DeepSpeed icon indicating copy to clipboard operation
DeepSpeed copied to clipboard

[BUG] DeepSpeed Cuda OOM on SwinUNETR from MONAI

Open majercakdavid opened this issue 1 year ago • 7 comments

Describe the bug I'm trying to run training of SwinUNETR model on a multi-GPU node (4xV00 - 16GB VRAM) with effective batch size per GPU of 1 and sample size 96x96x96. However, even after many tweak in DS config I'm still getting CUDA OOM error.

To Reproduce Steps to reproduce the behavior:

  1. Clone 'MONAI SwinUNETR'
  2. Use deepspeed init with following configuration:
{
    "train_micro_batch_size_per_gpu": 1,
    "steps_per_print": 1,
    "fp16": {
        "enabled": true    },
    "optimizer": {
        "type": "Adam",
        "params": {
            "lr": 0.001,
            "betas": [
                0.8,
                0.999            ],
            "eps": 1e-8,
            "weight_decay": 3e-7        }
    },
    "scheduler": {
        "type": "WarmupLR",
        "params": {
            "warmup_min_lr": 0,
            "warmup_max_lr": 0.001,
            "warmup_num_steps": 100        }
    },
    "wall_clock_breakdown": false,
    "zero_optimization": {
        "stage": 3,
        "offload_optimizer": {
            "device": "cpu"        },
        "offload_param": {
            "device": "cpu"        },
        "contiguous_gradients": true,
        "overlap_comm": false,
        "allgather_bucket_size": 5e5,
        "reduce_bucket_size": 5e5    },
    "zero_allow_untested_optimizer": false,
    "activation_checkpointing": {
        "partition_activations": true,
        "cpu_checkpointing": false,
        "contiguous_memory_optimization": false,
        "number_checkpoints": null,
        "synchronize_checkpoint_boundary": false,
        "profile": false    }
}
  1. Get OOM error

Expected behavior Training proceeds without OOM error

System info (please complete the following information):

  • OS: Ubuntu 20.04
  • GPU 4xV100 - 16GB VRAM
  • Python version: 3.8

Launcher context AML pipeline with PyTorch distribution:

distribution:
  type: pytorch

Docker context mcr.microsoft.com/azureml/openmpi4.1.0-cuda11.6-cudnn8-ubuntu20.04

Additional context

  • Am I missing any further optimizations I can do?
  • Is it possible to make train_batch_sizesmaller than #GPUs such that the GPUs can then share memory
  • How to effectively enable model parallel in DeepSpeed it that is even possible

majercakdavid avatar Mar 02 '23 21:03 majercakdavid

@majercakdavid, can you please share log/stack trace?

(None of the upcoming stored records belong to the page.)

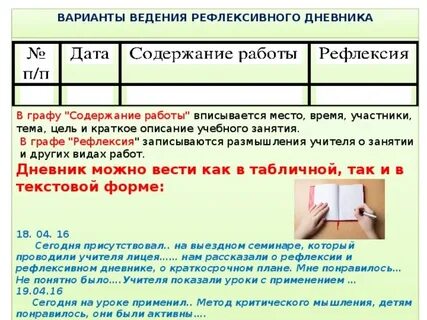 Варианты ведения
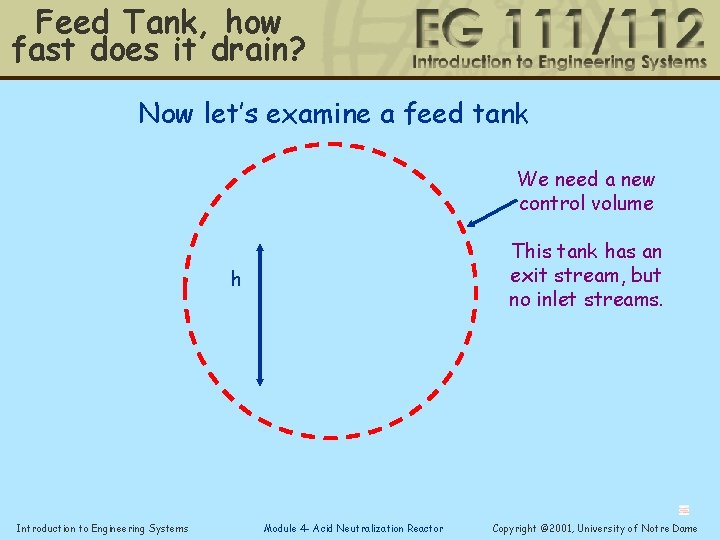 Feed Tank, how fast does it drain? Now let’s examine a feed tank We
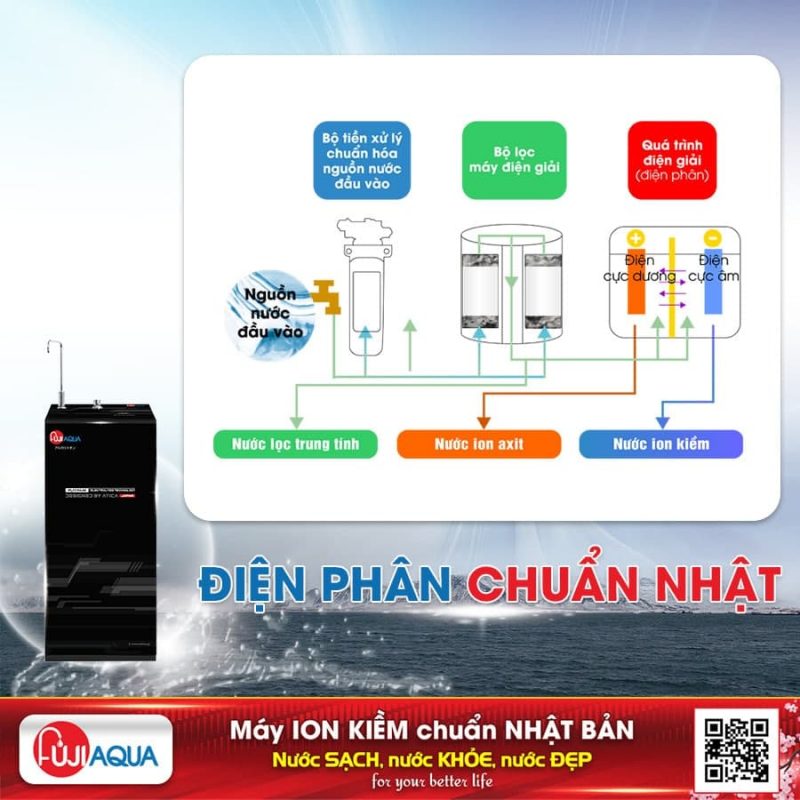 Máy lọc nước ion kiềm UltraRO Fuji Aqua i5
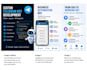 develop a custom telegram bot for your business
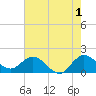 North Fork, 2 miles above entrance tide chart for Thursday, June 1, 2023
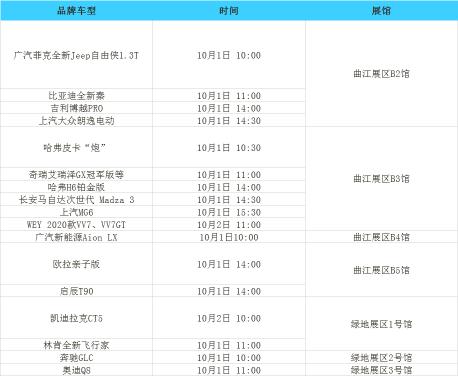 瑞虎3车衣多少钱（西安国际车展明日开幕）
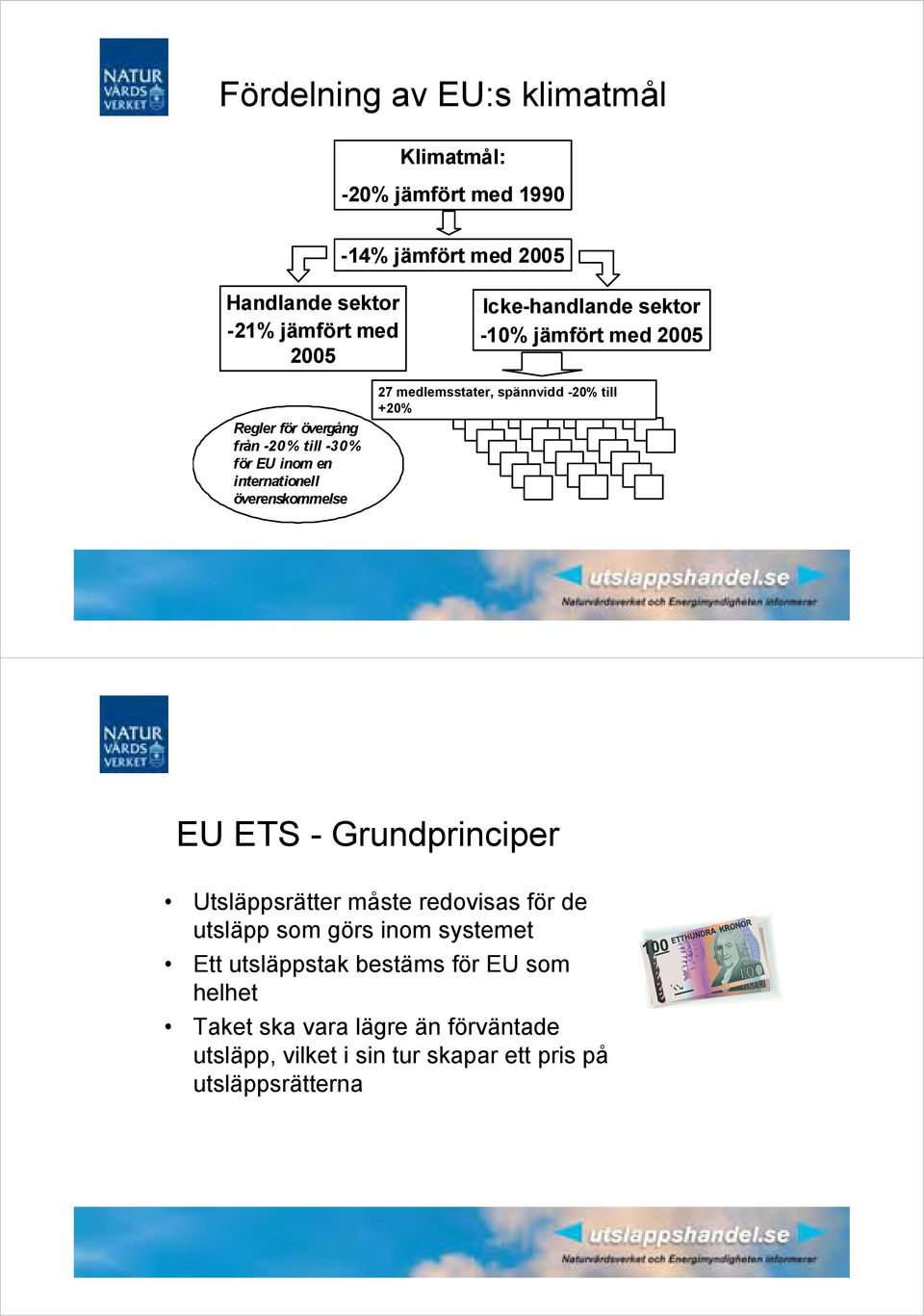 27 medlemsstater, spännvidd -20% till +20% EU ETS - Grundprinciper Utsläppsrätter måste redovisas för de utsläpp som görs inom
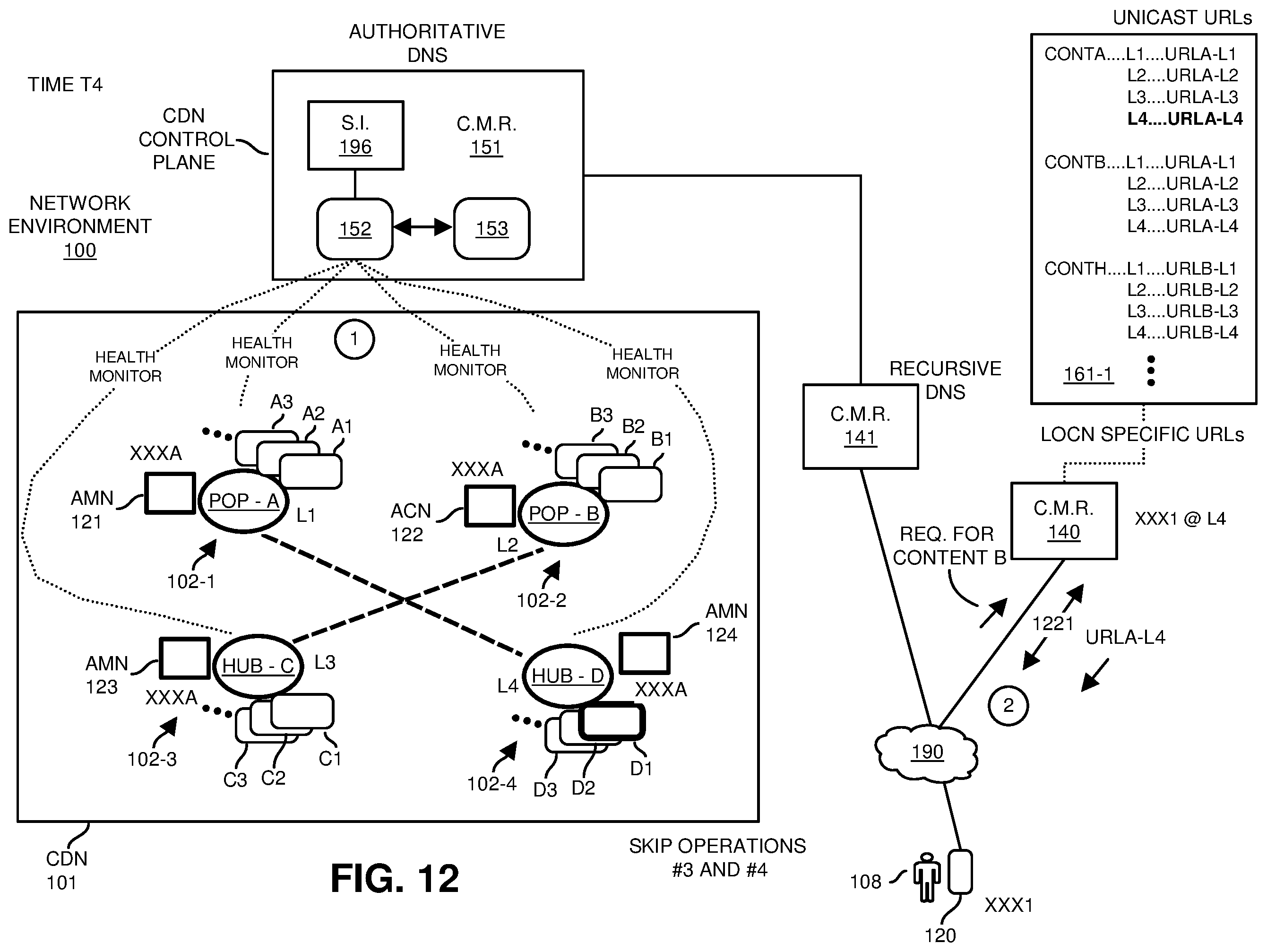 Patent US12568038 Figure 12 – Dynamic anycast client routing and health management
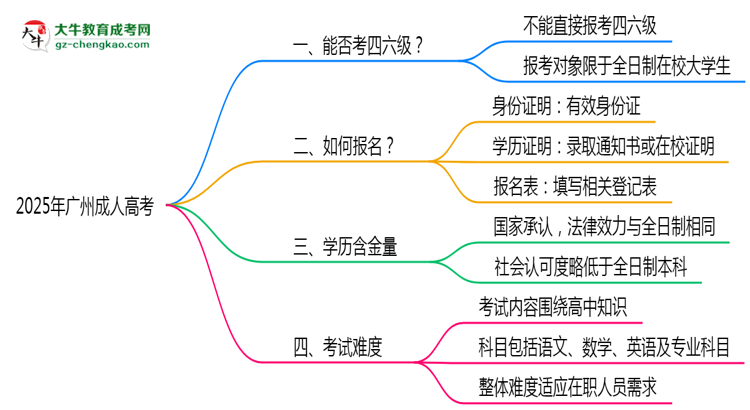 2025广州成人高考生能否考四六级？教育部最新答复思维导图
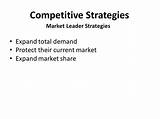 How To Expand Market Share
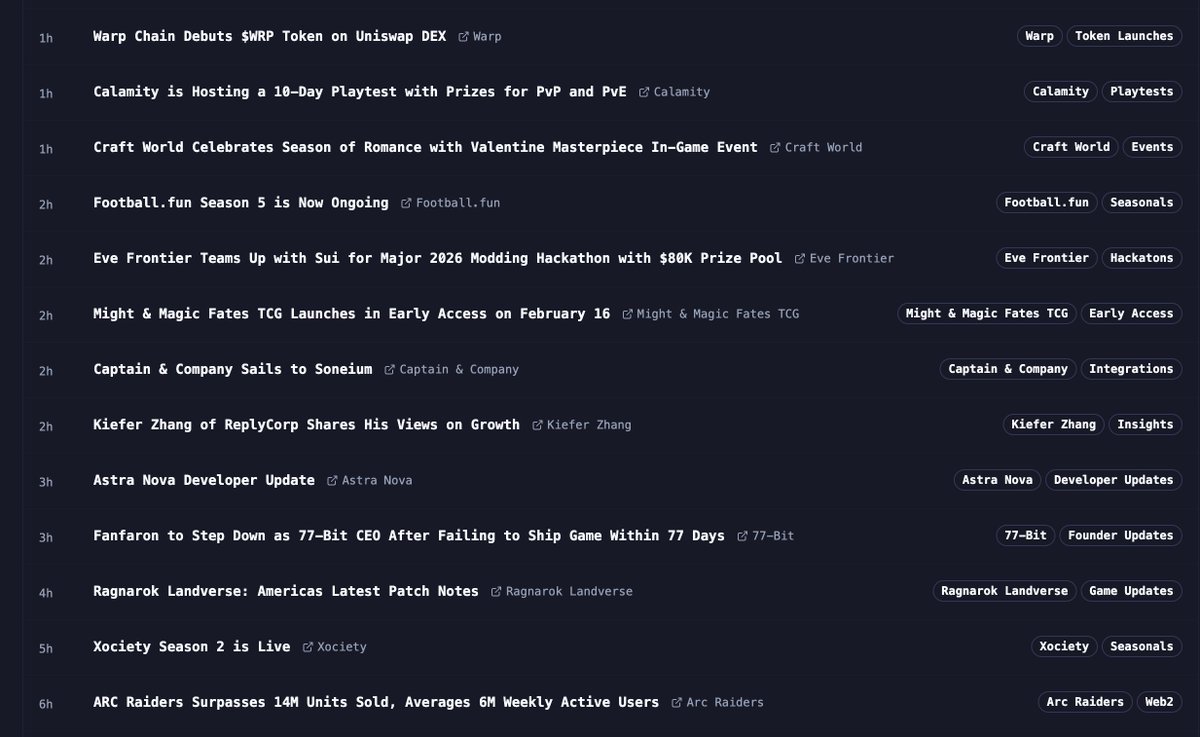 We source your gaming news for you!

The Gaming Daily news terminal is my daily go-to

Instead of waiting for news to show up in my Twitter feed, I can get all the essentials

Like Fanfaron stepping down from 77-bit, Eve Frontier's $80K Prize pool, and FDF S5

tjruwase avatar Mar 02 '23 21:03 tjruwase

@tjruwase surely, this is log for 0-th process std_log_process_0.txt

majercakdavid avatar Mar 02 '23 21:03 majercakdavid

Based on your log, it looks like OOM is caused by activation memory consumption. The screenshot below shows that deepseed.init() offloaded model state so that GPU memory is almost empty image

ZeRO helps with memory consumption of model states, but not of activations. You will need to use gradient checkpointing to fit these activations. The link you provided shows some example of gradient checkpointing usage. Have you tried those? Also, can you share your actual command line? Thanks!

tjruwase avatar Mar 04 '23 11:03 tjruwase

@majercakdavid, do you still need this opened?

tjruwase avatar Mar 13 '23 14:03 tjruwase

@tjruwase unfortunately yes. After I did checkpointing for the forward pass I still get OOM error for backward pass. Let me attach the logs: std_log_process_0 (2).txt

majercakdavid avatar Mar 13 '23 20:03 majercakdavid

@tjruwase if I use fp16 I can use 96x96x96, however I get NaN for loss. If I use bfloat16 I get loss values and can use 64x64x64 tensor as input but as soon as I use 96x96x96 I get following error: std_log_process_0 (3).txt

majercakdavid avatar Mar 15 '23 18:03 majercakdavid

It seems you are running out of GPU memory. Can you share logs for 64x64x64 with bfloat16?

tjruwase avatar Mar 15 '23 19:03 tjruwase

@tjruwase sorry for late response: std_log_process_0 (4).txt

majercakdavid avatar Mar 30 '23 21:03 majercakdavid